**Work task**:
When you output the entries, begin with the first line and end with the line containing "Slide: The Image", keeping each line exactly as it is.

[Collection entries]
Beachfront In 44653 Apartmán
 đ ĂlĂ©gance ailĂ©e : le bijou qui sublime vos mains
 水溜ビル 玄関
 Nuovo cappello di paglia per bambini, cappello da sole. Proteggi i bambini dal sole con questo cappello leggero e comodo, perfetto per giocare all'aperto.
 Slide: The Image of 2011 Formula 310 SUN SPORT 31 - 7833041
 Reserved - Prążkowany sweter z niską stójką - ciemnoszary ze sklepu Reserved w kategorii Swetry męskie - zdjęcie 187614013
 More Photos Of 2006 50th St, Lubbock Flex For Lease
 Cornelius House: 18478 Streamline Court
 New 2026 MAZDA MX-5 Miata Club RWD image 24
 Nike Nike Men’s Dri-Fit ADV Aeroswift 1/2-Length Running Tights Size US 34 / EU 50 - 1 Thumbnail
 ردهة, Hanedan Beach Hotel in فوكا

**Output**:
Beachfront In 44653 Apartmán
 đ ĂlĂ©gance ailĂ©e : le bijou qui sublime vos mains
 水溜ビル 玄関
 Nuovo cappello di paglia per bambini, cappello da sole. Proteggi i bambini dal sole con questo cappello leggero e comodo, perfetto per giocare all'aperto.
 Slide: The Image of 2011 Formula 310 SUN SPORT 31 - 7833041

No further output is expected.